Madalina Tanasie has a coolly assured demeanour, and in the midst of loud client-fishing and product launch clamour at Data Citizen's London event, it is a welcome change. Tanasie is the CTO for Collibra, a data governance platform – a demanding role in a rapidly expanding SaaS.
Valued at $5.25 billion in 2021, Collibra has built up an impressive roster of clients including L'Oréal and Lockheed Martin. The company's USP, for Tanasie, is its industry and cloud-agnostic approach to data management – it recently released new discovery and governance tools for AWS Cloud Formation, Azure Data Factory, Google Cloud Storage, Databricks and more.
Tanaise has first hand experience of data governance struggles, having started out as a software engineer at TotalSoft two decades ago, but it was in eleven years at Medidata, initially as a senior software engineer, then rising to VP of engineering, that she really recognised the challenges of data management and governance in the highly regulated life-sciences sector; an experience that left keenly attuned to the needs that companies in sectors like energy, healthcare, defence may have.
"We come in recognising that these environments are super complex and they don't want to and shouldn't move their data in a central place," she tells The Stack. "And even if they did make that attempt, where would they put so much data?"
"The needs of data governance have become mainstream" she adds.
"Its a cross-industry need to catalogue data and understand what kind of patterns exist within it by profiling and curating it."
While large firms do want to make most of the data they hold, its made difficult because even within a single company, the information is often closely guarded: "Customer information is held in so many different data sources across departments– so its super important to look at it all together. If you have asimilar information in multiple places, you are constantly asking which source you want to trust, which one you can throw, which one you can leverage for what purpose -- and my work is to evolve the platform to respond to those needs."
Given that the volume of data available within each firm has exploded, data warehousing or even using data lakes- isn't an optimal solution, according to the CTO. And this isn't a new problem. According to an earlier Gartner report, the failure rate of data lakes and big data projects was at nearly 80%. Things have improved since, but single platforms are not the answer for all customers.
"That's where being platform-agnostic comes in. We have hundreds of integrations in play that allow clients to extract metadata and then empower them pick data -- and that means more datasets are used than just being moved past."
Collibra, in short, plugs into these myriad data sources and rather than demanding that they all come together, furnishes users with an organised, searchable inventory of these distributed data assets.

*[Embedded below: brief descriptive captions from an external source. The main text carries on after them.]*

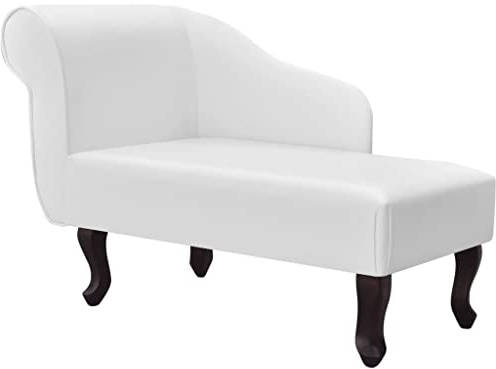 toolkix Sillón chaise longue blanco de piel sintética con estructura de madera 104 x 51 x 69,5 cm acolchada XXL sillón relax salón sofá cama sofá cama sofá otomano
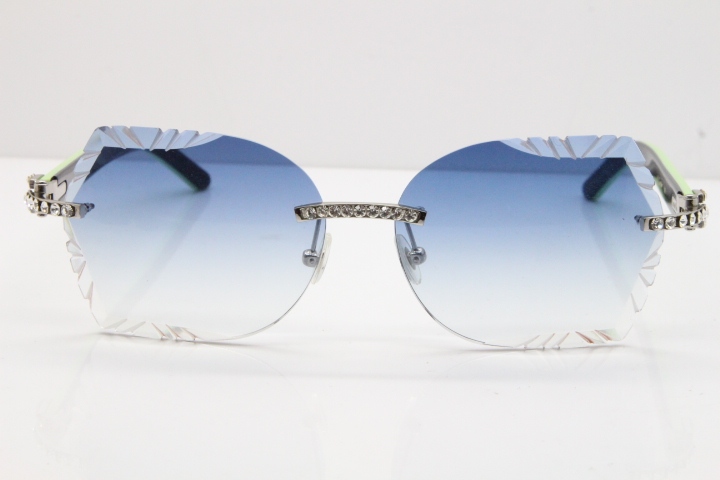 Cartier Rimless T8200762 Big Diamond Black Inside Green Aztec Arms Sunglasses In Gold Blue Lens 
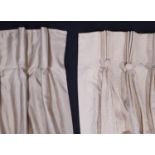 2 pairs full length curtains in differing pale gold fabrics both lined, length 2.2m and with fixed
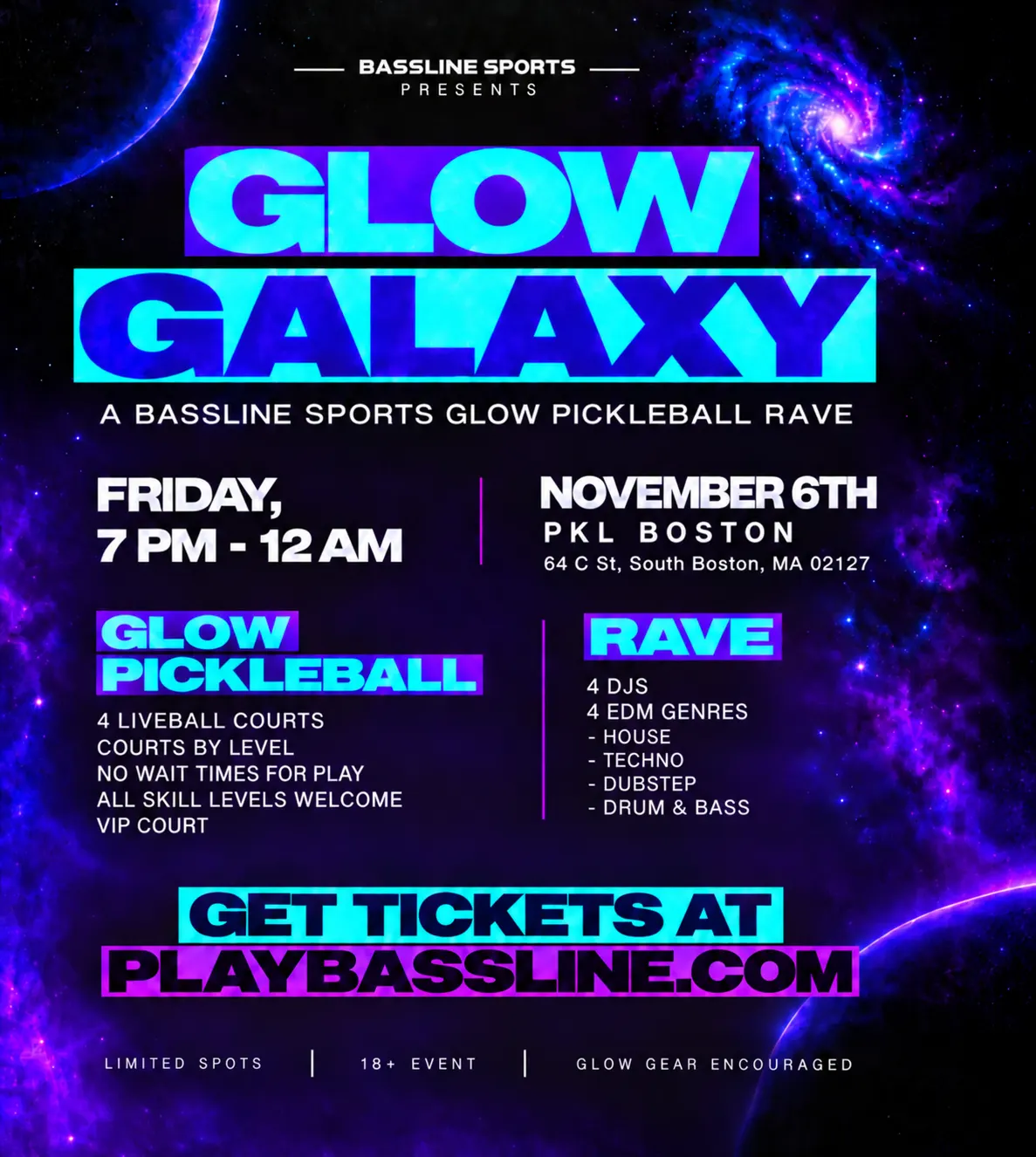 BASSLINE SPORTS PRESENTS: GLOW GALAXY PICKLEBALL RAVE AT PKL BOSTON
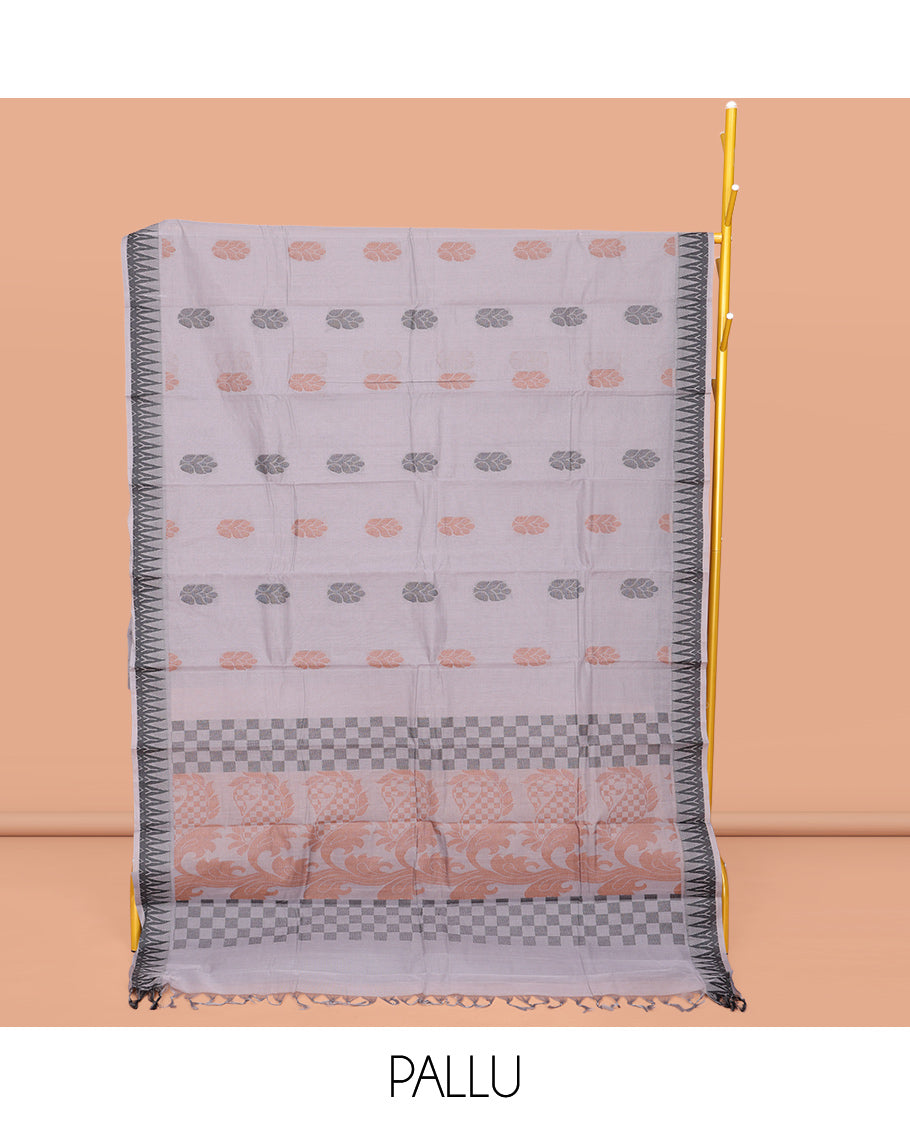 Grey Kanchi Cotton Saree, Woven with Buttas All Over Its Body, Subtle Temple Border, Pallu of Paisleys, Floral and Checks, and Paired with a Matching Blouse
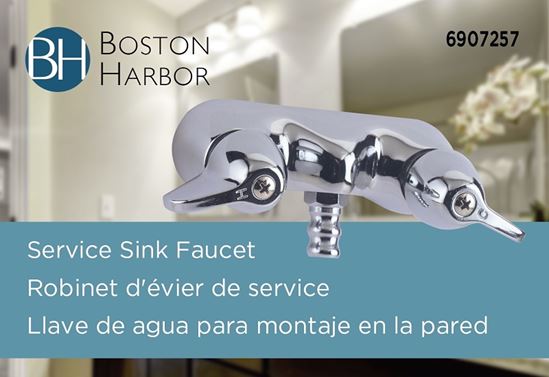 Boston Harbor RS207 Bath Faucet, 2-Faucet Handle, Lever Handle, Brass, Chrome Plated, Wall Mounting, Round Spout - VORG6907257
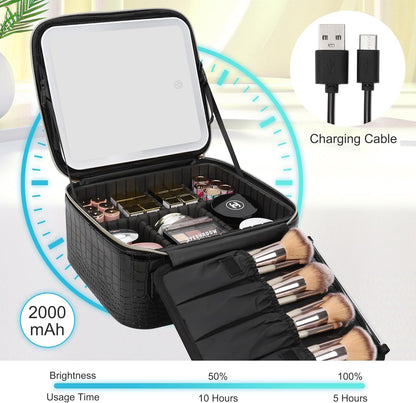 Travel Makeup Bag With LED Mirror, Cosmetic Train Case with Light up Mirror, Portable Makeup Artist Organizer Bag with Adjustable Dividers, Makeup Brush Holder Storage, Black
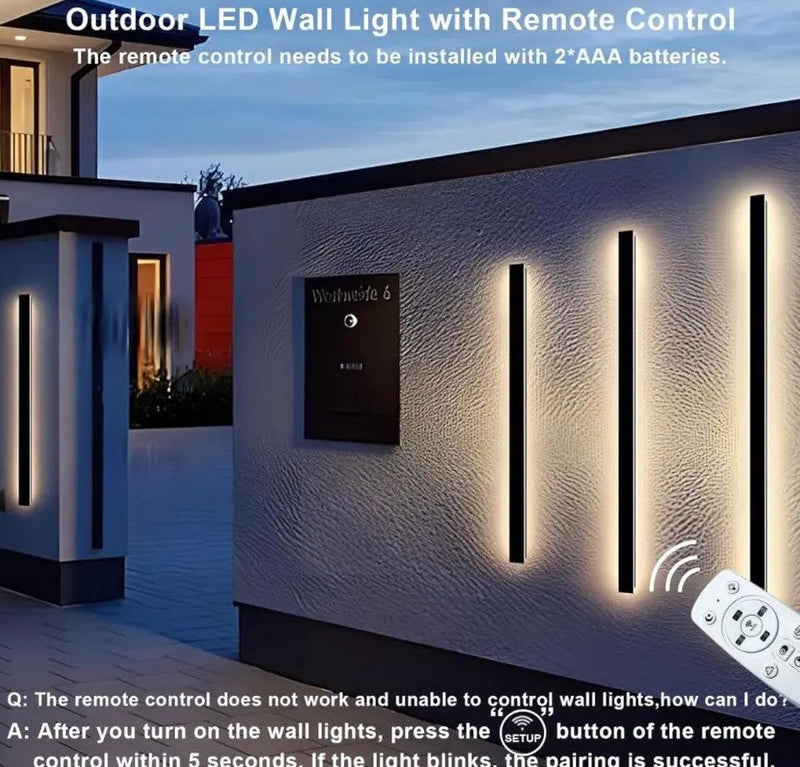 Levxhotty 59 inch Modern Outdoor Wall Lights,3000K-6000K Dimmable Outdoor Wall Sconce,Long Wall Light with Remote Control,Exterior Linear Wall Lightin by Selzalot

Call it a database about your databases, if you will; albeit one with a shiny front-end (users can plug in tools like Tableau for visualisations) that pulls in metadata, such as data descriptions, lineage, and quality information, and lets you add governance capabilities.
On being asked what are the big asks across industry when it comes to data governance and intelligence solutions, Collibra's CTO Tanasie elaborates through three use cases: The first bit is discovery -- clients come in saying I have a lot of data and I don't even know what I have."
"At that point its about getting a full understanding of the landscape and many of the customers that we have started there, they just want to extract the metadata from thousands of data sources that they have in the ecosystem and be able to put it together."
"The second use case can be summed up as about really understanding the data. It's about the profiling and classification part of it; to be able to understand the data similarity and the overlap and redundancy."
"And the final piece of the puzzle is really using the data -- that's the data marketplace. That where you've put all your data quality, and then you do policy enforcement and you eventually expose data as products to your companies."
Tanasie is cognizant that not all three are made equal when it comes to data governance and cloud needs.
"Many of our customers are using one or two of these tools, that is one or two of these three different use cases. I don't know if we have many that are using all three of them and that tells me that this is a market that is still evolving."
With a 19.2% CAGR in 2023, the data intelligence platform market is both evolving and growing. The Acumen Research and Consulting forecast expects the sector to reach a market size of $56.7 Billion By 2030.
And Tanasie says CDOs and other customers have ongoing challenges that they need help tackling: "Data governance is a moving target, especially with global regulation and market demands being dynamic.
"I've put a lot of effort towards our enterprise practises and that sets us up for scale in engineering and security," she concludes.